### EXERCISE INSTRUCTIONS
Each word in the data below should be copied exactly; the images should not.

### DATA SECTION
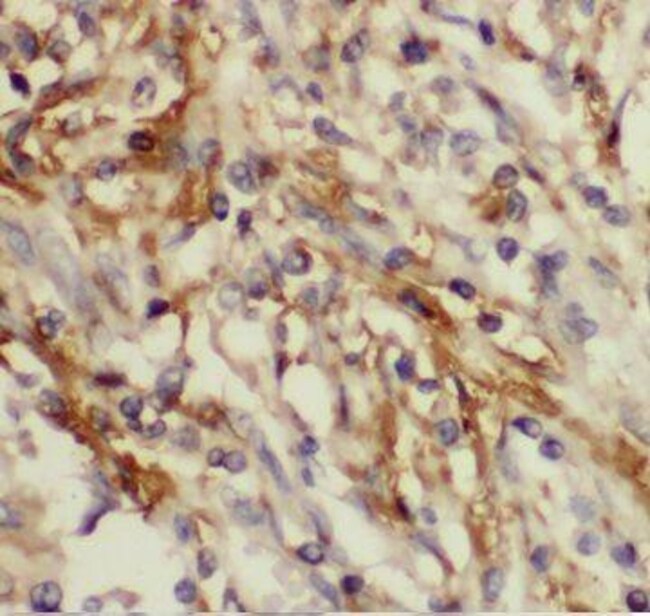Capsl Pbm Rx CAPSL Antibody - BSA Free, Novus Biologicals 100 μg; Unconjugated ...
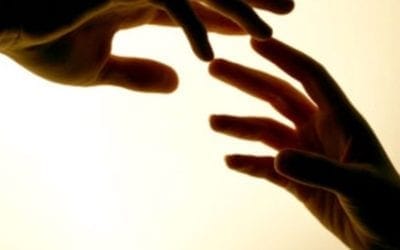 The Secret of Happiness is to be FREE OF FEAR. FEAR is a toxin that runs through most of our conscious and unconscious thoughts. FEAR feeds on insecurities, loss and loneliness, inadequacies and attachments. FEAR makes us question our abilities and self worth. It will prevent us from reaching our goals. What you think becomes your reality. LOSE the FEAR! #fear #findhappiness #inspiration #overcomefear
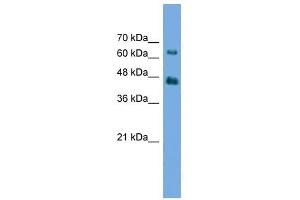 AGK antibody used at 0. (Acylglycerol Kinase 抗体  (N-Term))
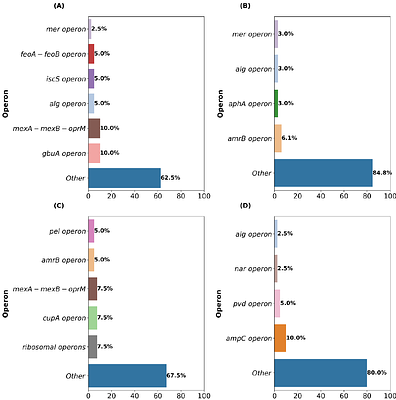 Minimal Gene Signatures Enable High-Accuracy Prediction of Antibiotic Resistance in Pseudomonas aeruginosa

### SOLUTION TO THIS TASK
Capsl Pbm Rx CAPSL Antibody - BSA Free, Novus Biologicals 100 μg; Unconjugated ...
 The Secret of Happiness is to be FREE OF FEAR. FEAR is a toxin that runs through most of our conscious and unconscious thoughts. FEAR feeds on insecurities, loss and loneliness, inadequacies and attachments. FEAR makes us question our abilities and self worth. It will prevent us from reaching our goals. What you think becomes your reality. LOSE the FEAR! #fear #findhappiness #inspiration #overcomefear
 AGK antibody used at 0. (Acylglycerol Kinase 抗体  (N-Term))
 Minimal Gene Signatures Enable High-Accuracy Prediction of Antibiotic Resistance in Pseudomonas aeruginosa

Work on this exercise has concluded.